No conozco a nadie y me siento
insegura. Creo que todas, que parecen conocerse, se dan cuenta de que no hablo
con nadie. Me agarro al hilo-balsa del libro. Es mi preferido de este escritor. De los pocos libros que simplemente terminan. Y con las palabras habladas, recogidas en el pañuelo, me siento y me traslado a
mi paraíso propio.
La casa se despierta. Se
despereza la cocina con sus cuatro esquinas. Llegan arrastrando los pies las
mujeres de la casa. Ponen la primera cafetera. Se abren las puertas. La cocina
es una era donde se arremolinan mujeres. Mi abuela, mi madre, mis hermanas, mi
tita, mis primas y las vecinas. Estoy sentada en una silla de enea. Sorbo el
café. ¿Es aquí el Paraíso? No, no es aquí.
Es en la otra esquina.
Con los delantales puestos, las
mujeres de mi cocina son unas veces mujeres y otras, hombres, que espolean sus
defectos y sus virtudes. Se desnudan los ojos y se los enlutan. Son mujeres que
se lamen la sangre de las manos cortadas, que arremeten con fuerza defendiendo
sus ideas, aunque a veces estremece el olor a agrio de su leche cortada, de su
resignación, de su fingida fuerza. Rezuma. Me remuevo en la silla.

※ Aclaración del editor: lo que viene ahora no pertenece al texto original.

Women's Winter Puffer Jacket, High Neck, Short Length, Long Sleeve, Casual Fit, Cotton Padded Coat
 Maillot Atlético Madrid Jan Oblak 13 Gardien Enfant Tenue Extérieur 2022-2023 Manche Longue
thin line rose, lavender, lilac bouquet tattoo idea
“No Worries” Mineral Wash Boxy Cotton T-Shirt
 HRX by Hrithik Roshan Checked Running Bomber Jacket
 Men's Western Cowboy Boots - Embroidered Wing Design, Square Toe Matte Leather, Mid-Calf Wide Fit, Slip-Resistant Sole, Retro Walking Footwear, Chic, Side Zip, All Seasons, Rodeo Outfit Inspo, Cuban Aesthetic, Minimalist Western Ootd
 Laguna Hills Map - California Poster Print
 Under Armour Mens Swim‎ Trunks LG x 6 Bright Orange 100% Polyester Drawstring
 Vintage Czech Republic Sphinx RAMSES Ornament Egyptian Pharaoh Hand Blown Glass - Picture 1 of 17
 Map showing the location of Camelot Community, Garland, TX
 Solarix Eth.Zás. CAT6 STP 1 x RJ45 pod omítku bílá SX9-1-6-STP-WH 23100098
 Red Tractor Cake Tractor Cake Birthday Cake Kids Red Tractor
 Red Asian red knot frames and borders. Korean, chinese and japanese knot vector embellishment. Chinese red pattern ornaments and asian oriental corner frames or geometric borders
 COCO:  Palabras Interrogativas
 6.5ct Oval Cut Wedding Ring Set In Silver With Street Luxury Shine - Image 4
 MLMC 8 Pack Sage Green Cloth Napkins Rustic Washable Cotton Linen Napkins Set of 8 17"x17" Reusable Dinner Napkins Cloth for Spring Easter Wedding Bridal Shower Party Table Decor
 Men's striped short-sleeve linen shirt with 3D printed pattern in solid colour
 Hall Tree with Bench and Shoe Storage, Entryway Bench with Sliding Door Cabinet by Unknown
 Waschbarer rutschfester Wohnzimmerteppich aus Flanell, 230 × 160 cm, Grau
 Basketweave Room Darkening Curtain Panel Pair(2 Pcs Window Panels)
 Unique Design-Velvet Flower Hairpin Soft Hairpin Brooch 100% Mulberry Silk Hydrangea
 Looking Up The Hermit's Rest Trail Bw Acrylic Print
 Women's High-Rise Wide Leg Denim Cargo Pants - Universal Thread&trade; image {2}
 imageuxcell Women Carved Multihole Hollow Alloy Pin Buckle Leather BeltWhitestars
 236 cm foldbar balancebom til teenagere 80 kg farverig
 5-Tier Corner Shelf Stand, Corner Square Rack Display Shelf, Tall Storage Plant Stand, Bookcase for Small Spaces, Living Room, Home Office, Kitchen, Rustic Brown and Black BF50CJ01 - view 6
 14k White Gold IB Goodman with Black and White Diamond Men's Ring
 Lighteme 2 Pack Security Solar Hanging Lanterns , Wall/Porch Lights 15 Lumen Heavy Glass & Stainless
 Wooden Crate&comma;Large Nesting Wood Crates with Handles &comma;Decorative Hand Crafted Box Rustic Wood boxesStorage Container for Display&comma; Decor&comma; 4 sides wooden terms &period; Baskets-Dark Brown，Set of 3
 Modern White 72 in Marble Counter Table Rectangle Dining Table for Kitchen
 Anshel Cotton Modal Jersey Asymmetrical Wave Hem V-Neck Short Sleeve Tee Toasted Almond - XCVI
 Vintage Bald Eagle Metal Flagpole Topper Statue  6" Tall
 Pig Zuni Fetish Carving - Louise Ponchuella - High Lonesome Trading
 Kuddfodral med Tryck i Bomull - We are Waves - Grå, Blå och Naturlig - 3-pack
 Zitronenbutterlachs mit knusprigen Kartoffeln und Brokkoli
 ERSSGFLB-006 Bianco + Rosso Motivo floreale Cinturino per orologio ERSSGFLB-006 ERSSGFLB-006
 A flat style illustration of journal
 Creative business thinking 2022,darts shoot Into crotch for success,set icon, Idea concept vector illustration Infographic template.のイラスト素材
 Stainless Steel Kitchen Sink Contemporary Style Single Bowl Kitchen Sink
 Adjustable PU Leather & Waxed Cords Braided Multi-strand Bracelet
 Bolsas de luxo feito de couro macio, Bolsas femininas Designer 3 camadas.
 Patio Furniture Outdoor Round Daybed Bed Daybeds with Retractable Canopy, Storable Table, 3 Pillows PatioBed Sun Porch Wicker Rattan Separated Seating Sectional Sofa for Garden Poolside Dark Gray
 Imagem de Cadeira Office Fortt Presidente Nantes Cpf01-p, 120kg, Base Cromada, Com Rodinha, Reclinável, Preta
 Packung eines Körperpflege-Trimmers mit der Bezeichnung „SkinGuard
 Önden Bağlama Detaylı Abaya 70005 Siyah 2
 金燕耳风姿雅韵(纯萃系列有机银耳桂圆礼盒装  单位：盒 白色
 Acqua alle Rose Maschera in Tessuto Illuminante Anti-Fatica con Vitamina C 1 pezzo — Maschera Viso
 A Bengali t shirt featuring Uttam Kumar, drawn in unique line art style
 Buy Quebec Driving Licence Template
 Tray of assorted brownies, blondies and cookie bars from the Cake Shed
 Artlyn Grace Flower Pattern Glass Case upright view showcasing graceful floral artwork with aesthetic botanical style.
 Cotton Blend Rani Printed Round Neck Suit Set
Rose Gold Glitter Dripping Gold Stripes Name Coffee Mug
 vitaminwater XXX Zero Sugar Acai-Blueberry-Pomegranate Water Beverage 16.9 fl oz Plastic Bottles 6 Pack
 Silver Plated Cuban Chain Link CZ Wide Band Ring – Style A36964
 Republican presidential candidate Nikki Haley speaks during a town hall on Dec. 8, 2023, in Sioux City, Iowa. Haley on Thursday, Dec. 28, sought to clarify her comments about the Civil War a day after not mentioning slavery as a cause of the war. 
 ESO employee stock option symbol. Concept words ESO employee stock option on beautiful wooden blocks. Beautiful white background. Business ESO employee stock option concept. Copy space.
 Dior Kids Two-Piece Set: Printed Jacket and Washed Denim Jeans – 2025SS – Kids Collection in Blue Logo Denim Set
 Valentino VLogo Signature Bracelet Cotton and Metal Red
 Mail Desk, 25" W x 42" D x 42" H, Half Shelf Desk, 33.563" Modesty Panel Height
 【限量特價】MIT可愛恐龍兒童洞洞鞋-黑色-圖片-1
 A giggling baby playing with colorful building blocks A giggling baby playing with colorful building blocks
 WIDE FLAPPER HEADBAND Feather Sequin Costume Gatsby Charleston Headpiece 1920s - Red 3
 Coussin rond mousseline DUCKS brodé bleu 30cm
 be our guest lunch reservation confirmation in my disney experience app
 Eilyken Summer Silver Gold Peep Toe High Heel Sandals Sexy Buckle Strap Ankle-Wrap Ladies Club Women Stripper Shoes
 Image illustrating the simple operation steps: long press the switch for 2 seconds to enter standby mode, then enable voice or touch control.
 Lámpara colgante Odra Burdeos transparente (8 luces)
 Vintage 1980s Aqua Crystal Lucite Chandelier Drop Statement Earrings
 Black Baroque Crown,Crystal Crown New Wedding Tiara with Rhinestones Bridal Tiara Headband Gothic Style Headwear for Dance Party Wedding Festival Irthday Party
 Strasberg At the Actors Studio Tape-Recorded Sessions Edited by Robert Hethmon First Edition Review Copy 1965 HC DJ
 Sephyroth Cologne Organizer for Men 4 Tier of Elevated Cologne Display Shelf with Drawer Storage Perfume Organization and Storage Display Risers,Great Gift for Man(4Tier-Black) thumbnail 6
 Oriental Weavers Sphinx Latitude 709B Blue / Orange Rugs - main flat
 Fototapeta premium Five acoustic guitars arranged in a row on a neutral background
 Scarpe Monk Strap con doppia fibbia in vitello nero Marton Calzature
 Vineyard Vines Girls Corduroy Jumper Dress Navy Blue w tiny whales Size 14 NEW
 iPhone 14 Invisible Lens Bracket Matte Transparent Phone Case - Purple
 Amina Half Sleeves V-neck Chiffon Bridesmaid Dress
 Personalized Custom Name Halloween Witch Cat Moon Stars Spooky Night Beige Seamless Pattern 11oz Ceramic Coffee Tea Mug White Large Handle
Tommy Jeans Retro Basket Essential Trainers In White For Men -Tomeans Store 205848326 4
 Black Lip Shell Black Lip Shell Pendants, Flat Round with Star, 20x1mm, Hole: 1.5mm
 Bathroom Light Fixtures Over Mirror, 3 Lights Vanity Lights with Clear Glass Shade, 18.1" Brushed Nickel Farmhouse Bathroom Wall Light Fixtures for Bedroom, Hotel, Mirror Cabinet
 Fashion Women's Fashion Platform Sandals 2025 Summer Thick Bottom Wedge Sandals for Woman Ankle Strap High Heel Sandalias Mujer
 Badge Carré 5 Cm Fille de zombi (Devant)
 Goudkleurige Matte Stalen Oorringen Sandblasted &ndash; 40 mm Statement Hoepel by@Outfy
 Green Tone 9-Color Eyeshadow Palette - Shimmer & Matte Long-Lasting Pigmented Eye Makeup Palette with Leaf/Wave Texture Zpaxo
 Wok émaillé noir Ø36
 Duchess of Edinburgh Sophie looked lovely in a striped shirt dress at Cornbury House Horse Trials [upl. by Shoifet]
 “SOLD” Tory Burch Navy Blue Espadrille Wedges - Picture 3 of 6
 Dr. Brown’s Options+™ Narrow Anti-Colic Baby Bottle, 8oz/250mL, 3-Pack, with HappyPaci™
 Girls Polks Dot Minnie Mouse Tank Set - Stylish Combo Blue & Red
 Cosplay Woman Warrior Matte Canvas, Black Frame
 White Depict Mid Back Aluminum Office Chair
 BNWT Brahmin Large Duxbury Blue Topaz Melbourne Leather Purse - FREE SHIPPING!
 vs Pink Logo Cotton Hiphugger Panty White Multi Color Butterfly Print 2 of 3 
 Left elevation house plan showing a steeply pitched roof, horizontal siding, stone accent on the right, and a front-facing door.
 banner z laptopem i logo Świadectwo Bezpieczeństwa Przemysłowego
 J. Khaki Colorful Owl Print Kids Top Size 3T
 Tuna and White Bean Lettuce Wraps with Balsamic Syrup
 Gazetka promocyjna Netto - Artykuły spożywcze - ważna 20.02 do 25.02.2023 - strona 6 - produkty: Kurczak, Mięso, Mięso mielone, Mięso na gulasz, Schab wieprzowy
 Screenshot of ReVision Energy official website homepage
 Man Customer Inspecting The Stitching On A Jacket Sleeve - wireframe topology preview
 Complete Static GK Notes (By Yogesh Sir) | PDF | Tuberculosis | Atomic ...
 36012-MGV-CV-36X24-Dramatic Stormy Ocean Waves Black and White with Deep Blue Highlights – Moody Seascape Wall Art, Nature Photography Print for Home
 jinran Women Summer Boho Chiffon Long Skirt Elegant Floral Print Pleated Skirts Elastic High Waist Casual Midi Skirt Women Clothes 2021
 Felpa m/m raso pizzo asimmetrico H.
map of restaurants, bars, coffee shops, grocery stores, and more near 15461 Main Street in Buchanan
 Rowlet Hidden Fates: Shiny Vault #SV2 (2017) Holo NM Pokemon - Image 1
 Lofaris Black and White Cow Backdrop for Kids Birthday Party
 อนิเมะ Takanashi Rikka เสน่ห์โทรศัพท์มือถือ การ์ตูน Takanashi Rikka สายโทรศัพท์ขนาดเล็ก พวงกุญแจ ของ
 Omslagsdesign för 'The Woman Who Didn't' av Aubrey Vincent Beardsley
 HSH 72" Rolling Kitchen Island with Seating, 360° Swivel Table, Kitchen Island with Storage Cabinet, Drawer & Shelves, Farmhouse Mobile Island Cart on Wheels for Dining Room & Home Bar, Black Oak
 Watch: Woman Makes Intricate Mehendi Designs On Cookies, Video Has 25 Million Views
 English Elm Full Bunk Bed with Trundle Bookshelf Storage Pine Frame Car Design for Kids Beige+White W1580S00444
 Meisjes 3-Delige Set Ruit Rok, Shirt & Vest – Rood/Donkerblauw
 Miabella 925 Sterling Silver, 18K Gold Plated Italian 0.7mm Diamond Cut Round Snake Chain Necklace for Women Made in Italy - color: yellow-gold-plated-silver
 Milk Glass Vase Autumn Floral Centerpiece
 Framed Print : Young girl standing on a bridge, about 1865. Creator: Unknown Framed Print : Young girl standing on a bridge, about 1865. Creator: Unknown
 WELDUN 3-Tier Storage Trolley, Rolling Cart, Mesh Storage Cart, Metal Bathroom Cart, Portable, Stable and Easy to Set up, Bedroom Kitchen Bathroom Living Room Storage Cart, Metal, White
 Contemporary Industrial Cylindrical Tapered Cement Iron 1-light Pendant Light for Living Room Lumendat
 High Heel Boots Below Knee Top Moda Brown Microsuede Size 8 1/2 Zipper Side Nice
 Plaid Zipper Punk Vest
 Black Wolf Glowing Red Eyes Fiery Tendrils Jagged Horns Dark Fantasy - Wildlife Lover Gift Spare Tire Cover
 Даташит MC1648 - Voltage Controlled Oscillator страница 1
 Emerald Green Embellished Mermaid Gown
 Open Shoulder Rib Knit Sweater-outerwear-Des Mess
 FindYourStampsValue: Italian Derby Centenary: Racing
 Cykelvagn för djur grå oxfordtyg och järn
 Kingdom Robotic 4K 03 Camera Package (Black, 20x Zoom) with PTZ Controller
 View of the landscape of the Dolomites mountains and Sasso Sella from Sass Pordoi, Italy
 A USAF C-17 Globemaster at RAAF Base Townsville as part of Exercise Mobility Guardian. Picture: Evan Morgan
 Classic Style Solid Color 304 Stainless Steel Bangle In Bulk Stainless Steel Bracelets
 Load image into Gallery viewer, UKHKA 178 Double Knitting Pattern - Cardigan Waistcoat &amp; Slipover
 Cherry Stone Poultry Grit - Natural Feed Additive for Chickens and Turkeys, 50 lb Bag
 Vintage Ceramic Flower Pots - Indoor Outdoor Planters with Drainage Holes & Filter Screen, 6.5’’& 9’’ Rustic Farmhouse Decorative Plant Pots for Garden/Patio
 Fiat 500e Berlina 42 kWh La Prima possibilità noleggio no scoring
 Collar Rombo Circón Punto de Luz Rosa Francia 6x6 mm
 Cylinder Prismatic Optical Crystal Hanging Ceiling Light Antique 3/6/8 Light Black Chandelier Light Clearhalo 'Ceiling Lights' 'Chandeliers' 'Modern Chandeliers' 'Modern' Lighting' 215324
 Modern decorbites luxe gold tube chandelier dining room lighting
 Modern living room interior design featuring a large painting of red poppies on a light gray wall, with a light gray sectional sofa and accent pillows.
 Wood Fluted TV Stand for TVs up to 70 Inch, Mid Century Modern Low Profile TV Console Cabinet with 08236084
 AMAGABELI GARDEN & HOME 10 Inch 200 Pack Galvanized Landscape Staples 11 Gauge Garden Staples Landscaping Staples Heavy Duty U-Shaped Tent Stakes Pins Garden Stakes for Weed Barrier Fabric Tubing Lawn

Entra mi abuela del huerto. En
los bolsillos trae habas y alcauciles. Abrimos un hoyo de pan de aceite y nos
las comemos. Nos reímos a carcajadas en busca del paraíso. La cocina se
ensancha. No caben las reglas de los machos ni las mujeres concebidas como
opuestos. Ni la discriminación, ni la pobreza, ni la miseria, ni la ignorancia,
ni las cabezas gachas. Caben las manos, el olor a jabón y a tierra. Los
claveles del patio. Lo importante es lo que hay que decir, no quién lo dice.
Alcanzamos lo inalcanzable. Nos desprendemos de los fracasos. Somos lo que nos
da la gana de ser. Somos guapas. Mi madre pone otro café. Maya husmea en la
olla. Nana ronronea en las piernas. Tu hermana está embarazada. ¿Qué será? ¿Qué
va a ser? Una niña.
Pasan los tiempos en la cocina.
Más rápido de lo que nosotras cambiamos.
Se va la mañana. Tenemos que
hacer. Vamos saliendo. Se chocan los vasos del café en el fregadero. Mujeres que
arrastran lluvia. Mujeres de luna nueva. Mujeres invisibles. Mujeres viento.
Mujeres emponzoñadas. Mujeres que cosen consuelo. Podíamos ser hombres, pero
somos mujeres. Salen las manos. Los pies dentro de los zapatos se van formando
mapas.
Me he puesto un vestido. Entre idas y venidas, irrumpe mi
hija buscando en la cocina. ¿Es aquí el
Paraíso? No, no es aquí. Es en la otra esquina.